Friday, February 24, 2017

The Jesus Storybook Bible Gift Edition By Sally Lloyd-Jones



As hard as it is to admit, babies grow up. In our house, we're always on the hunt for books that will educate, entertain, and challenge our little ones as they grow. While we love our  Words to Dream On by Diane Stortz, our oldest kiddo has reached the point where he's ready to listen to longer and more complex stories. 

This is where  The Jesus Storybook by Sally Lloyd-Jones come in. Now, I confess, I'm not sure what the regular edition features but I'll be focusing on the 10th anniversary one as that's what we have (and are loving).

First off, the construction. With longer stories this book is meant for slightly older kids (I'm guessing 4 would be a safe lower age) this book still has a solid cover to help protect it's softer paper pages when not being read. The built in bookmark is a wonderful feature as is the blue colouring to help this Mama figure out where  the book was moved last.

Second, the pictures  are perfect. The bright, action filled images are colourful and captivating meaning that although our younger son doesn't have the language skills to understand the story he is focused during story time, drawn in by the bright images he can process. I love book with awesome imagery having kids with speech delays and this one certainly delivers.

Third, the stories. Sally Lloyd Jones has done a wonderful job. The stories are 4-8 pages long making them a perfect length for helping young children stretch their listening skills. The added length also allows for more complexity in the stories. Lloyd Jones keeps each story with a definite "story book" feel but adding in more detail from original, formal translations letting parents ask more intentional questions and engage with their children on a different level than books aimed at the 2-5 age group. The stories cover a wide variety of both old and new testaments and I was  excited to see less covered stories (like the prophets) showing up between these covers.
4.5 out of 5 stars 


Disclosure of Material Connection: I received this book free from the publisher through the BookLook Bloggers <http://booklookbloggers.com> book review bloggers program. I was not required to write a positive review. The opinions I have expressed are my own. I am disclosing this in accordance with the Federal Trade Commission’s 16 CFR, Part 255 <http://www.access.gpo.gov/nara/cfr/waisidx_03/16cfr255_03.html> : “Guides Concerning the Use of Endorsements and Testimonials in Advertising.”

Saturday, February 18, 2017

The Simplest Way to Change the World by Dustin Willis and Brandon Clements.

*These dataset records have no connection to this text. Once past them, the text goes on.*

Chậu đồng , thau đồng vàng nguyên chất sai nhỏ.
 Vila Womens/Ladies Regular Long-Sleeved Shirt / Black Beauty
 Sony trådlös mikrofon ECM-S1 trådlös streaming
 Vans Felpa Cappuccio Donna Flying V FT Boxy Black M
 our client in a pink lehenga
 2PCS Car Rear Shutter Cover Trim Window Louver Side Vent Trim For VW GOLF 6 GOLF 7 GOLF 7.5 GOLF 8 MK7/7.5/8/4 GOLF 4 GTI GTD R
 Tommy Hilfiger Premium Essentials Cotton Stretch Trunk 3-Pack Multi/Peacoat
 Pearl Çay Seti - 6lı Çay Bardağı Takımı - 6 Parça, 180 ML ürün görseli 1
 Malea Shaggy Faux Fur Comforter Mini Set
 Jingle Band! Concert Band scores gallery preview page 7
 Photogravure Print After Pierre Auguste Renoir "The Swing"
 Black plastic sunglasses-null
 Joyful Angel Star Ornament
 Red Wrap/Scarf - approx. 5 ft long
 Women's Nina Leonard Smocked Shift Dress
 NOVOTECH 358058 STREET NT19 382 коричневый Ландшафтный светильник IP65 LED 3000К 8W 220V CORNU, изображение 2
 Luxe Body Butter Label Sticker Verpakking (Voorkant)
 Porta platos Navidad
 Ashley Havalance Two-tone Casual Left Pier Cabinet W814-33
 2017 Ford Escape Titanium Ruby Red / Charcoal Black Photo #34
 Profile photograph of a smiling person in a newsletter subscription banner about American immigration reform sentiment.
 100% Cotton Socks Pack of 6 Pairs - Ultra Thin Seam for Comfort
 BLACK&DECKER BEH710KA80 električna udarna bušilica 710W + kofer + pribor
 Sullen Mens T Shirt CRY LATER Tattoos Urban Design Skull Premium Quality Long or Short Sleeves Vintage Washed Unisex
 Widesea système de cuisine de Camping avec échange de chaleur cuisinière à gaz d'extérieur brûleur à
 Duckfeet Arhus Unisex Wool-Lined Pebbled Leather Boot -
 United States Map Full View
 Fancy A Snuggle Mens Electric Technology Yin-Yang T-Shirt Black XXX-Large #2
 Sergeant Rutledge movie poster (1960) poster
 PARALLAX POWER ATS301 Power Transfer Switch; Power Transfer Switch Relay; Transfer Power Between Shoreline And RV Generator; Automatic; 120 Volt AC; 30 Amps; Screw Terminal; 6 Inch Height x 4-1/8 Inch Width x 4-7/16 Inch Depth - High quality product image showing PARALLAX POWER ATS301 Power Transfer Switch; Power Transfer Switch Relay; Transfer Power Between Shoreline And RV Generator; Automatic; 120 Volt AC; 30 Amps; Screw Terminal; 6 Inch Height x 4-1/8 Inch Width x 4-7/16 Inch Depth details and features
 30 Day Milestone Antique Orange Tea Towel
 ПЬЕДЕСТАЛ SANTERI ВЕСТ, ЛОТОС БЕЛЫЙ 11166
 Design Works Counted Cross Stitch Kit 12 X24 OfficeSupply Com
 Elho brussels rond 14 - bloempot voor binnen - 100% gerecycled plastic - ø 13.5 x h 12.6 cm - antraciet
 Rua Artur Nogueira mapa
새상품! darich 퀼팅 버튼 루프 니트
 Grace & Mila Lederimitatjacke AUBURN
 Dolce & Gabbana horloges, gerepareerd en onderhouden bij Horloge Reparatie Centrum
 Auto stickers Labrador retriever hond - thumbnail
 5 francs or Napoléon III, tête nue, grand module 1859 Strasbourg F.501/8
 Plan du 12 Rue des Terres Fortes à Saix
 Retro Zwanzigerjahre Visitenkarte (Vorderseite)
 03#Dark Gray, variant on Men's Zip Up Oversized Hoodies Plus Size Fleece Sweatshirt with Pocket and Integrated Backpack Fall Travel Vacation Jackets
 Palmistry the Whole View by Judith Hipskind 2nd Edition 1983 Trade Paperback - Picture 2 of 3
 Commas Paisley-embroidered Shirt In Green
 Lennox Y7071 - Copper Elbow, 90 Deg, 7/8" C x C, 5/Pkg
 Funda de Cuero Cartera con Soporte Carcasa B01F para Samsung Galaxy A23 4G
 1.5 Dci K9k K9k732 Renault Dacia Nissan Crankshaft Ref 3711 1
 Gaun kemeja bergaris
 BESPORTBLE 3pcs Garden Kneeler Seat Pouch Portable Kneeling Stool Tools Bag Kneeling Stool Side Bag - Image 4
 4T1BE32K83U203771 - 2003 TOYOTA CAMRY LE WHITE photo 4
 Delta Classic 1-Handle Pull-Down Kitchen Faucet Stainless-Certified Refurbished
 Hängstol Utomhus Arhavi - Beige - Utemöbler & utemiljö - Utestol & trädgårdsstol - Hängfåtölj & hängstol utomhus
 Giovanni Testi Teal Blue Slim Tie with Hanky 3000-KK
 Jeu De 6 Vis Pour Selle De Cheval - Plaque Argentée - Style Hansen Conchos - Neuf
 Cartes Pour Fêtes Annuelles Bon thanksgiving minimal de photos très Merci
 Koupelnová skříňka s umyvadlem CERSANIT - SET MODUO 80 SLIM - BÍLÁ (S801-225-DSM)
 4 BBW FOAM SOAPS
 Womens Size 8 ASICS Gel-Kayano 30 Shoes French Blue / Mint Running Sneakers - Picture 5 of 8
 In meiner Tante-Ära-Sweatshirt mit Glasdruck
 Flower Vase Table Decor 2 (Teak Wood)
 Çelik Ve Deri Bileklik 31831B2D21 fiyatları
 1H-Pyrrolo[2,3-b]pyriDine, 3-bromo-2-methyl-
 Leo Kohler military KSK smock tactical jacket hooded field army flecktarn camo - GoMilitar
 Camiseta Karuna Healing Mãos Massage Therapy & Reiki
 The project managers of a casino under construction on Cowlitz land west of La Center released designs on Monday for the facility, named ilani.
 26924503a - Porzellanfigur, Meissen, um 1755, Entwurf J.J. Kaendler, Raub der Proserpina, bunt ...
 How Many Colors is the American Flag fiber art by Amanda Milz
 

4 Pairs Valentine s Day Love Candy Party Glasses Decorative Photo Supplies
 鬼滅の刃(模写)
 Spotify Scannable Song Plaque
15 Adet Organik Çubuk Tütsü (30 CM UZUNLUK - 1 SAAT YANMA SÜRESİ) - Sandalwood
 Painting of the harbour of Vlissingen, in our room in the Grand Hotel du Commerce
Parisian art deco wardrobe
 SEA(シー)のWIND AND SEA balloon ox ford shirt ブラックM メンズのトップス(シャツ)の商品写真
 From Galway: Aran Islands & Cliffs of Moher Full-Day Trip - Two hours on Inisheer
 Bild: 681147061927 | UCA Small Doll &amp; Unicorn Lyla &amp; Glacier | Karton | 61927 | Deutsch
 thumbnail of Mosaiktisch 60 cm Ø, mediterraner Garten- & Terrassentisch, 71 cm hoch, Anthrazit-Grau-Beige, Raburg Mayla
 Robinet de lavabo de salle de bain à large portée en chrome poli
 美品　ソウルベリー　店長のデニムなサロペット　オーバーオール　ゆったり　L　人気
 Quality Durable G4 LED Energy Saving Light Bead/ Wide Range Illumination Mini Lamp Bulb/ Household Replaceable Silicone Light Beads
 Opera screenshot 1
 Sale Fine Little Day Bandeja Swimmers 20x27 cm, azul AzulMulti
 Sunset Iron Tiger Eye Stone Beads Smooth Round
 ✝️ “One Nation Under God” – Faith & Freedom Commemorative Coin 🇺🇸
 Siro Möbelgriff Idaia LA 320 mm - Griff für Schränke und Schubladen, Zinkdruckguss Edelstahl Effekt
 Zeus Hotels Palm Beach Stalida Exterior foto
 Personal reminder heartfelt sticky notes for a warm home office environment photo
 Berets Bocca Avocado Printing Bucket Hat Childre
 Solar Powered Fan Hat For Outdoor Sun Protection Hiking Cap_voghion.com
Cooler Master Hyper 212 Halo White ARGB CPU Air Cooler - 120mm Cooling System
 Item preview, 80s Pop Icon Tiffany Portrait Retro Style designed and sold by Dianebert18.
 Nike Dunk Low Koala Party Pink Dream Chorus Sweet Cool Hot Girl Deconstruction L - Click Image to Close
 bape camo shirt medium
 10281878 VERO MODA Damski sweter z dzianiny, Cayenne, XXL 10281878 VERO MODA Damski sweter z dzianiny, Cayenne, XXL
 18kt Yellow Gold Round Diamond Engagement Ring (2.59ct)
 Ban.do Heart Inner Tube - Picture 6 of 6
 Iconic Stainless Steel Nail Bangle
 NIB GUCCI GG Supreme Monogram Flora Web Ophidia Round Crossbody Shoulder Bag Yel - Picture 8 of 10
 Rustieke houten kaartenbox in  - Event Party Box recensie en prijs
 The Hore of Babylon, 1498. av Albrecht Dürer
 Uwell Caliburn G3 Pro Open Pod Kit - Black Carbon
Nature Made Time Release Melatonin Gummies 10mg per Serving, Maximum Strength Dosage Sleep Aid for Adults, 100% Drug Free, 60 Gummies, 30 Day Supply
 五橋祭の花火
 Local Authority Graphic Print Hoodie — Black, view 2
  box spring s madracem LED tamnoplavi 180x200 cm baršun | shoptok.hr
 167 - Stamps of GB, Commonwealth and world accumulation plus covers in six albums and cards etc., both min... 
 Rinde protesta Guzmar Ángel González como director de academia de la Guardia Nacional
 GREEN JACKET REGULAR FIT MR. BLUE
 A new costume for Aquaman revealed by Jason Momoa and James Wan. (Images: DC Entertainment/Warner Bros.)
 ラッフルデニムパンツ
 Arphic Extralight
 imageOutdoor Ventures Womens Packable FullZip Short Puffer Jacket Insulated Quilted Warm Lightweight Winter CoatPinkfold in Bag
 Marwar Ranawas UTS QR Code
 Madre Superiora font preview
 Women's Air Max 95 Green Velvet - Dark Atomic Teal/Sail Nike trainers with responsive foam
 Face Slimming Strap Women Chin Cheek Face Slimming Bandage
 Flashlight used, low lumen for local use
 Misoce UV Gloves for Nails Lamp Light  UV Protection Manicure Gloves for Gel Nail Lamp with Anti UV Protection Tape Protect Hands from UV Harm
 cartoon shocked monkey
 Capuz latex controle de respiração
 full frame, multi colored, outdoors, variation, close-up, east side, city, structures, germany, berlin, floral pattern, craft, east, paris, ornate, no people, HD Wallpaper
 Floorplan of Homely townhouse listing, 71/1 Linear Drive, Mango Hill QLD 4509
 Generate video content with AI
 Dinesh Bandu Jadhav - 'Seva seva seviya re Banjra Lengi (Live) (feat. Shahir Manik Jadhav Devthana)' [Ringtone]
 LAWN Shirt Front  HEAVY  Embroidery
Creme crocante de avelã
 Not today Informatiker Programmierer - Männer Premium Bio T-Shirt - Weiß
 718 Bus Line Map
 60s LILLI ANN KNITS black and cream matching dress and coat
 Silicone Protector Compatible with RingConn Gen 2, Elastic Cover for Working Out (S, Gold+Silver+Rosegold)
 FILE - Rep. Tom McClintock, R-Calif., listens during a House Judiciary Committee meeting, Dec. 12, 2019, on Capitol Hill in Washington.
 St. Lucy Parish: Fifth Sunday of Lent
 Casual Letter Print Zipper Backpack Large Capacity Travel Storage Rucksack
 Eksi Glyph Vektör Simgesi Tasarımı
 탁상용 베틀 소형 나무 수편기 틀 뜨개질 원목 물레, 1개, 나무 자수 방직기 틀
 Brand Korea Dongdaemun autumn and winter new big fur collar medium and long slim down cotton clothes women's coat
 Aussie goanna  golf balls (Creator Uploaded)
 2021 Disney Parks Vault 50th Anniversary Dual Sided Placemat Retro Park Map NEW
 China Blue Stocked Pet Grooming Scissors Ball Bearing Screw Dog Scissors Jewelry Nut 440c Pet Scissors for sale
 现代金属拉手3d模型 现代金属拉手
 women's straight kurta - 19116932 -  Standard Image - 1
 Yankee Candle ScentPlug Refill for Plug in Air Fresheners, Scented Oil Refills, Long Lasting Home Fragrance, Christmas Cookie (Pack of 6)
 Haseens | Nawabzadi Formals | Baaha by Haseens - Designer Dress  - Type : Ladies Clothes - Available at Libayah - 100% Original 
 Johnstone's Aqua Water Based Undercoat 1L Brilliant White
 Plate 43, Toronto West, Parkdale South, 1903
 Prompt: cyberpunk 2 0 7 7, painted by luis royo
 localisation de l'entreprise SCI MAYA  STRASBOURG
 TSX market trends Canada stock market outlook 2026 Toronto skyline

Image result for The Simplest Way to Change the World by Dustin Willis and Brandon Clements.


You know an author is invested in their topic  when the subject matter  doesn't just leap from the pages  but is embodied and nuanced through every word. Willis and Clements keep their book open, conversational, and up-front with  their topic of choice, always sticking closely to their chosen topic of hospitality.

Overall, I found the book to be a challenging read personally and an enjoyable read as far as books go. The idea that anyone can change the world through being hospitable and building community in their everyday lives was both simple and yet rang clear with truth. In today's disconnected, social media driven society Willis and Clements argument really touches a chord.

The  book itself was well laid out covering a Biblical understanding and mandate for being hospitable, practical ways to become more hospitable (even for introverts like me), and providing in-depth questions for reflections. The book even includes a section for group study which, for a book about getting  people together, just makes logical sense.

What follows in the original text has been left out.